Zur Oper am 27. Juli 1971 in München


"Oper und Konzert", München, 9/1971

Nationaltheater

Die Zauberflöte

[...]

Die durchdachte Spielleitung Rennerts hat nichts von ihrer Lebendigkeit und Würde verloren, während das Bühnenbild Svobodas leider noch dieselben Mängel aufweist wie bei der Premiere (die nicht vorhandenen "Tempel und Säulen", der lächerliche Strauch, an dem Papageno sich aufhängen will und anderes mehr). Nicht ganz festspielmäßig war die Sängerbesetzung. Rita Shane verfügt zwar über die (nicht immer ganz sauberen) Koloraturen der nächtlichen Königin, aber überzeugender dramatischer Ausdruck ist nicht ihre Sache. Edith Mathis ist eine reizvolle Pamina, während der kleine lyrische Tenor des sympathischen Adolf Dallapozza für Tamino nicht ganz ausreicht. Ganz vorzüglich das Terzett der drei Damen Claire Watson, Charlotte Berghold und Brigitte Fassbaender, nett und annähernd rein singend die drei Wiener Sängerknaben. Im übrigen muß aus der bekannten und oft gewürdigten Besetzung Fischer-Dieskau als Sprecher von unübertrefflicher Eindringlichkeit hervorgehoben werden.
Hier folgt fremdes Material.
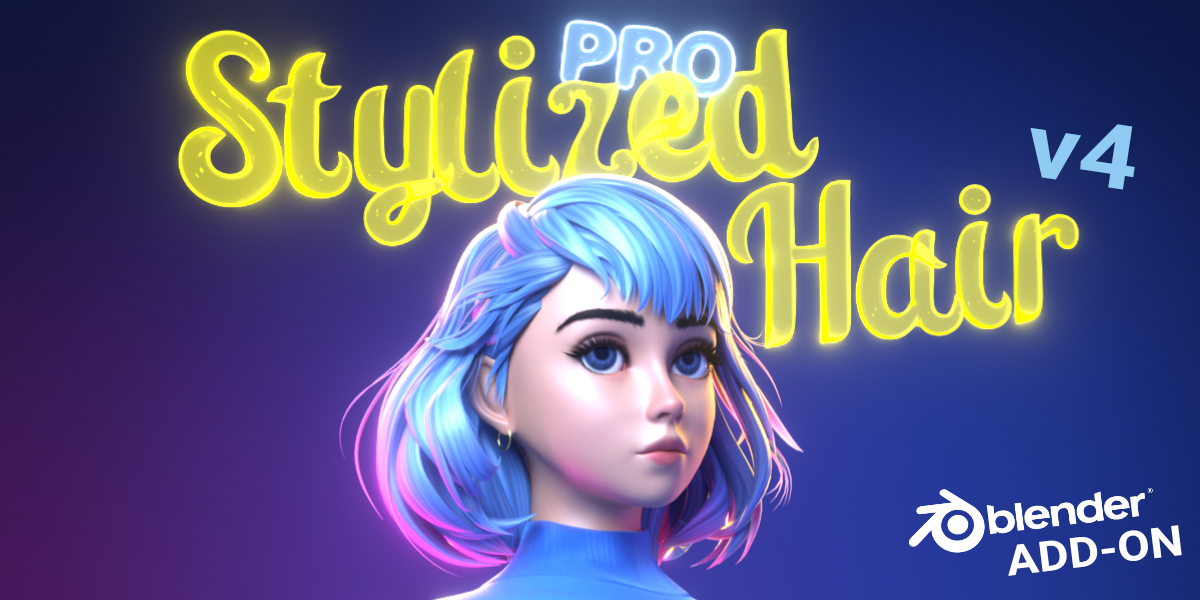 Stylized Hair Pro v4.2.1 for Blender 风格化头发插件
Der Clou der Aufführung war wieder Hermann Prey als Papageno, der sich so völlig mit dem gefiederten Materialisten identifiziert, daß man sich dieses plauderfreudige Weltkind bald nicht mehr anders vorstellen kann, als mit seinem Charme, seiner Gelenkigkeit, seinem Humor und seiner steten Präsenz auch da, wo er nichts zu tun hat. Die allzuvielen Verbeugungen, Hut auf - Hut ab, Purzel- bäume und Beineschlenkern drohen schon ein wenig in Routine auszuarten.